I think he just meant Maori will be very interesting to play as they have a huge penality.
Such as Egypt is probably the most fun civ to play right now.
 
When people find out that chopping contributes to global warming I expect a slew of OMG THE GAME IS BROKEN threads, too.

I doubt that. Regardless, I will push that system at least once to see how it works. And I'm guessing there will be a viable locus tactic to just conquer, chop, advance and win dominance.
 
I think it's not really an opposition against harvesting but against the notion that it's the best and only way to play and a civ that can't take advantage of that is completely useless. Lily_Lancer seems to have the my way or the high way attitude.

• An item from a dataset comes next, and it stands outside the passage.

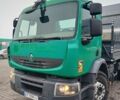 Зеленый Рено Премиум, объемом двигателя 0 л и пробегом 650 тыс. км за 25500 $, фото 1 на Automoto.ua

Instead of declaring them useless she could simply have said that they don't fit her playstyle. Which is fine since there are dozens of other civs for her to play.
There's been an attitude like that among some since the dawn of the forums from what I can tell. I remember hearing about how if you don't micromanage your citizens between turns then you don't even deserve to own or play the game. I feel like it's been worse in the past with some people and don't think Lily does that, but it's probably why people have such a strong reaction to it.
 
I mix between optimisation and roleplaying depending on my mood. While chopping is extremely powerful, I have my doubts that this will stop the Maori being excellent.

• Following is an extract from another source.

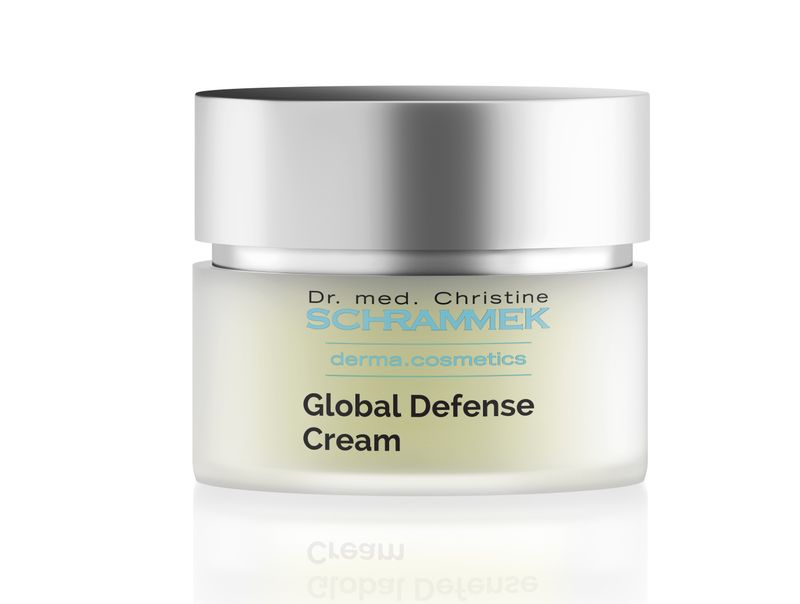 Global Defense Cream SPF 20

If I'm playing an optimal deity game if I reach turn 200 I restart as it's a fail, and chopping isn't that important to my gameplay. I keep my cities small, I don't want to be over size 4 in most cities. So food resource harvesting isn't an issue, and it sounds like I'll be able to chop those trees anyway.
The only real issue I see is that the 3-4 bigger cities I need will take longer to grow... which will absolutely slow things down but I don't know that it will be significant.

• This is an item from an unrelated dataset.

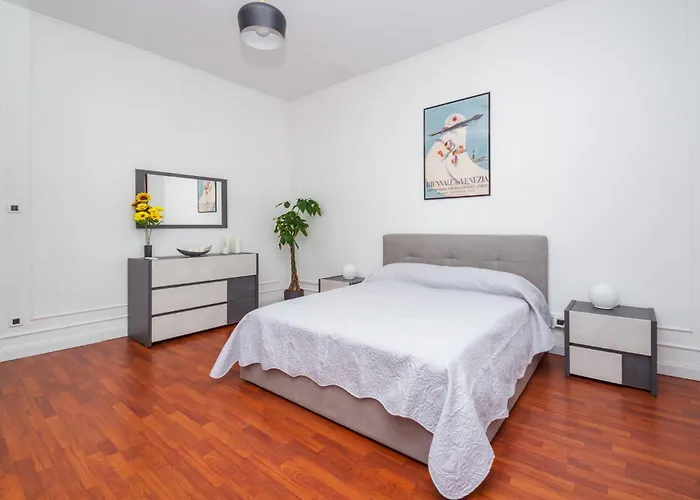 Opera Venice * Местре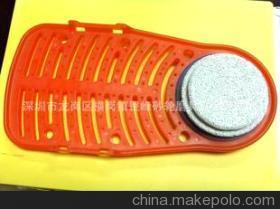 【足浴盆專用磨腳石、塑膠件粘合磨腳石、專業(yè)供應出口磨腳石】價格,廠家,圖片,其他衛(wèi)浴用品用具,深圳市罡峰磨具-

I don't even bother with builders until mid game, as they aren't worth the cost, so the extra production will probably be extremely useful to get my army out and conquering earlier.
A couple of cogs is a big difference early on, and may have more of an impact (or at least neutralise the negative) than the inability to harvest.

That said, it is only ONE way to play. And being optimal is no more the correct way than playing on settler difficulty, having ICS and getting every wonder in the game.
The original question has valid discussion, but both sides of the argument have people acting like their way is superior. It's about fun, and everyone should do that however they want. Who cares if someone does it different to you.